Kate Kelly was either wincing or rolling her eyes when she explained why they've gone public because of the "graying" of the founders: "They had to develop some permanent capital, figure out their leadership and succession plan."

Trying to be funny often doesn't work, as Brian Sullivan likely discovered when he asked Kelly to ask tomorrow's guest Jes Staley, who according to Kelly "I don't think has done a television interview in quite some time," if JPMorgan is going to buy Portugal.



Chance to flirt
with Carolin Schober


CNBC Europe fox Carolin Schober reported Wednesday from Italy on The Strategy Session, unfortunately having to listen to Silvio Berlusconi's speech and saying the country probably needs "at least a raising of the retirement age to 70 years."

Brian Sullivan savvily (is that a word?) sneaked in a compliment for Schober, asking if there's anyone in Italy under 50 besides herself.

"Thank you for noticing I'm not 50 yet," Schober said.

Hey, we noticed that too, a long time ago.

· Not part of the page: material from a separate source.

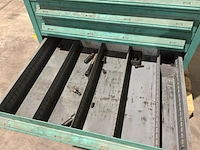 Lista industriële metalen ladekast - afbeelding 8 van  18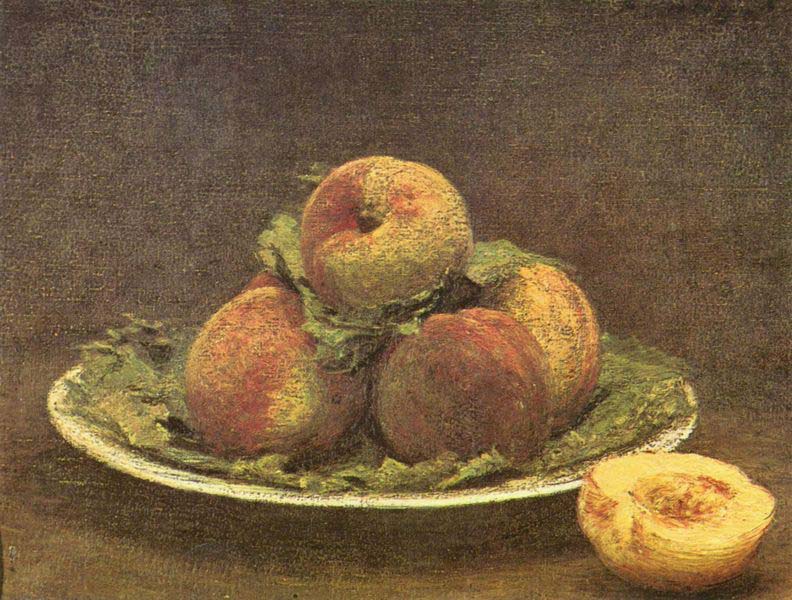 Still Life with Peaches,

Anyway, Schober said, too seriously for the joke that it was, "there are masses of tourists here, um, and they're all below 50 I would say," which seems dubious because we figured most would be over 50, before adding, "there are many young people here."

Sullivan said his point was "sort of meant sarcastically" but that Italy has one of the "worst demographic profiles of any country in the world ... almost a negative birthrate," and isn't it curious how people on CNBC will talk about birthrates hampering other countries (you know, the Kyle Bass Japan diapers thing from SALT), but nobody brought it up during the U.S. debt debate.

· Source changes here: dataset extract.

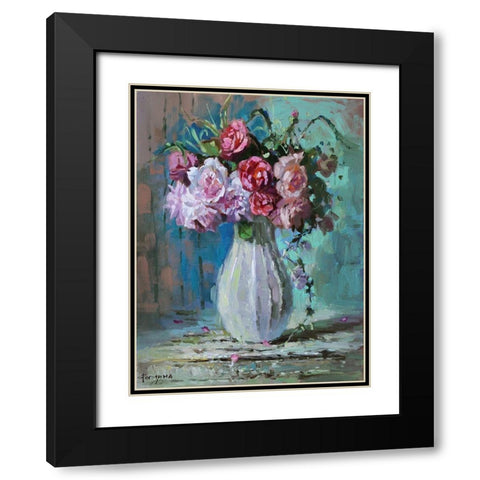 Aromat Bouquet Black Modern Wood Framed Art Print with Double Matting by Rogozina, Svetlana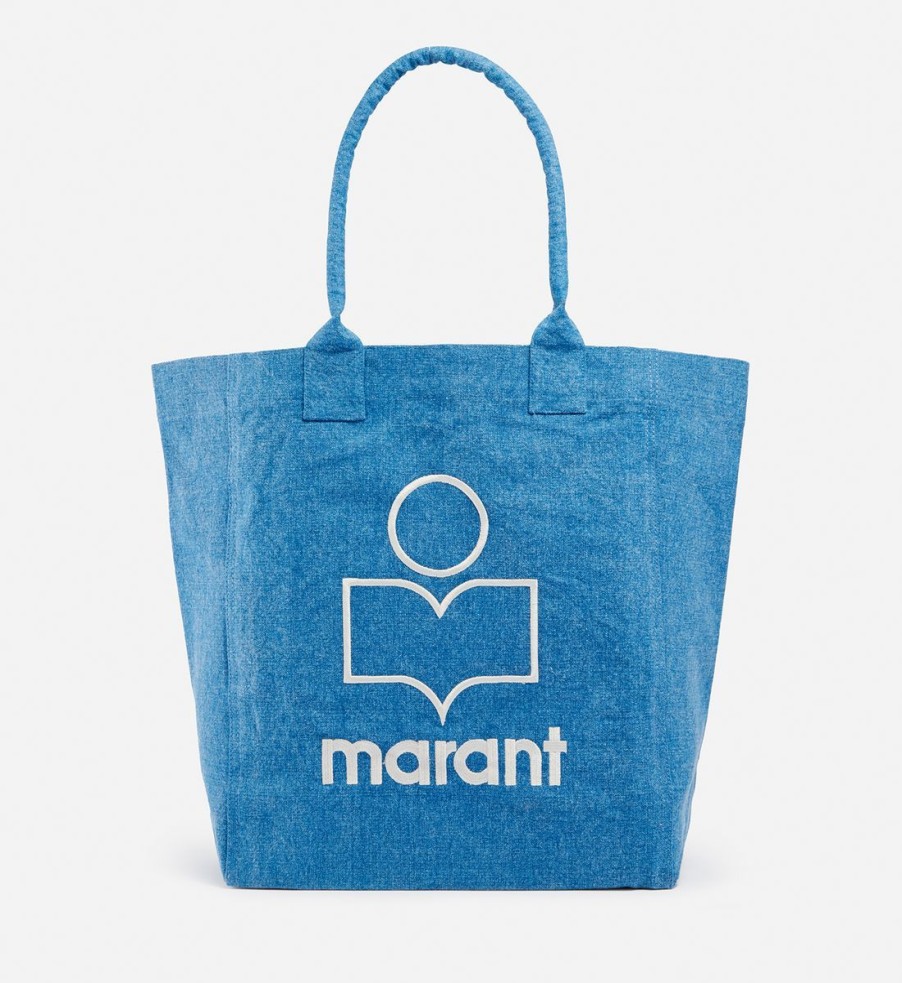 Women Isabel Marant Bags | Isabel Marant Small Yenky Denim Tote Bag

George Goncalves claims Europeans ‘kick the can down the road’ because they’re good at soccer


George Goncalves was the latest Wednesday on The Strategy Session to explain what Europe is doing; "they're trying to kick the can down the road" because they like soccer, Goncalves tried to joke, and he should probably leave the comedy to the professionals.

Goncalves did little but chide what governments are doing, saying, "You can't shrink your way into growth."

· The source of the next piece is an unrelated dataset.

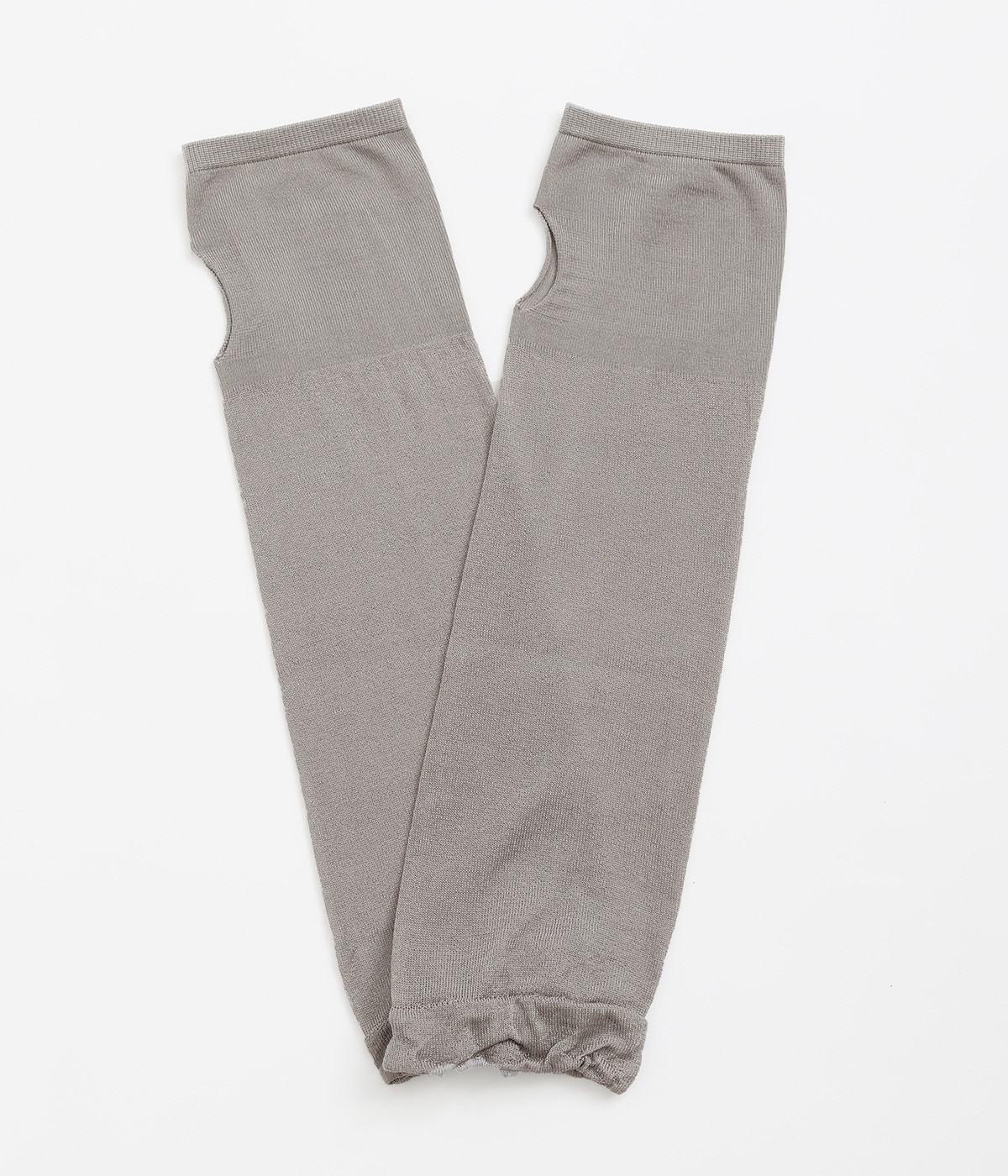 シルクのふんわりアームウォーマー(銀色-ONESIZE)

He said it matters here because "everything is somehow tied to each other."

Yield Hunter Darren Horowitz touted 3 MLPs, saying, "I think that uh you are gonna see higher prices across the MLP asset class." He likes PAA (6.3% yield according to graphic), MMP (5.4%) and EPD (5.8%).

Gary Kaminsky asked Horowitz if MLPs have gotten too popular. No, said Horowitz, who said "I think that's a good thing."

Brian Stutland, in yet another endless CNBC definition of the VIX, said hedges are coming off the table, which can be an indicator that in stocks, "usually a big rally is coming on its way."

Bertha Coombs delivered breaking news on Playboy of all things, saying, "the SEC is charging former Playboy CEO Christie Hefner's husband with insider trading," and we'd sort of question the order there, probably should've said "charging the husband of former Playboy CEO..." for those who don't get the whole thing.

Coombs said the allegation is that Christie warned him not to do it, and Coombs also identified the hubby as "William Moravitz," though it's actually "Marovitz."

"Moral of the story Brian," said Coombs: "Listen to your wife."



[Tuesday, August 2, 2011]

We’re not done
with the automaker bailouts


The subject of the automakers came up on Tuesday's Fast Money.

And the panelists blamed the stock performances on uninspiring products the economy.

But at what point does the dog actually start wagging the tail?

Maybe the reason people aren't flooding Ford and GM showrooms is not because of the ADP number or "wealth effect" of 401(k) accounts or uncertainty over the alternative minimum tax ... but because those showrooms are full of the same generic products all their rivals are making and that they themselves have been making for 5, 10, even 20 years in some cases.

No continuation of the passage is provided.